The documents reveal that covert transceivers can be placed inside USB cables which send data back to a briefcase-sized machine. The chip can also receive information, potentially allowing malware to be installed on to the computer.

The information reportedly comes from documents leaked by whistleblower Edward Snowden. Files describe a device called Cottonmouth I which sends information through “covert channels” and appears to be a normal USB cable. Another device is a small computer chip which can be fitted inside computers at the factory or after purchase.

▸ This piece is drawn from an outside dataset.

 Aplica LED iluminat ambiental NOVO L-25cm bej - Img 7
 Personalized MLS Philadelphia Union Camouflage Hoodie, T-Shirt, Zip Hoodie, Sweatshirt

The devices communicate with a briefcase-sized base station called Nightstand from a distance of up to eight miles in “ideal environmental conditions”. Other base stations can act as a relay and connect the target’s computer with other machines at NSA headquarters.

But these machines and their code names are at least five years old, according to reports, meaning that their capabilities may now be far more advanced.

According to the newspaper, documents show that “computer network exploitation” has spread as far as the Chinese and Russian military, Mexican police and drugs cartels, the European Union and targets in Saudi Arabia, Pakistan and India.

“NSA's activities are focused and specifically deployed against - and only against - valid foreign intelligence targets in response to intelligence requirements,” Vanee Vines, an agency spokeswoman, said in a statement to the Wall Street Journal.

“We do not use foreign intelligence capabilities to steal the trade secrets of foreign companies on behalf of - or give intelligence we collect to - US companies to enhance their international competitiveness or increase their bottom line.”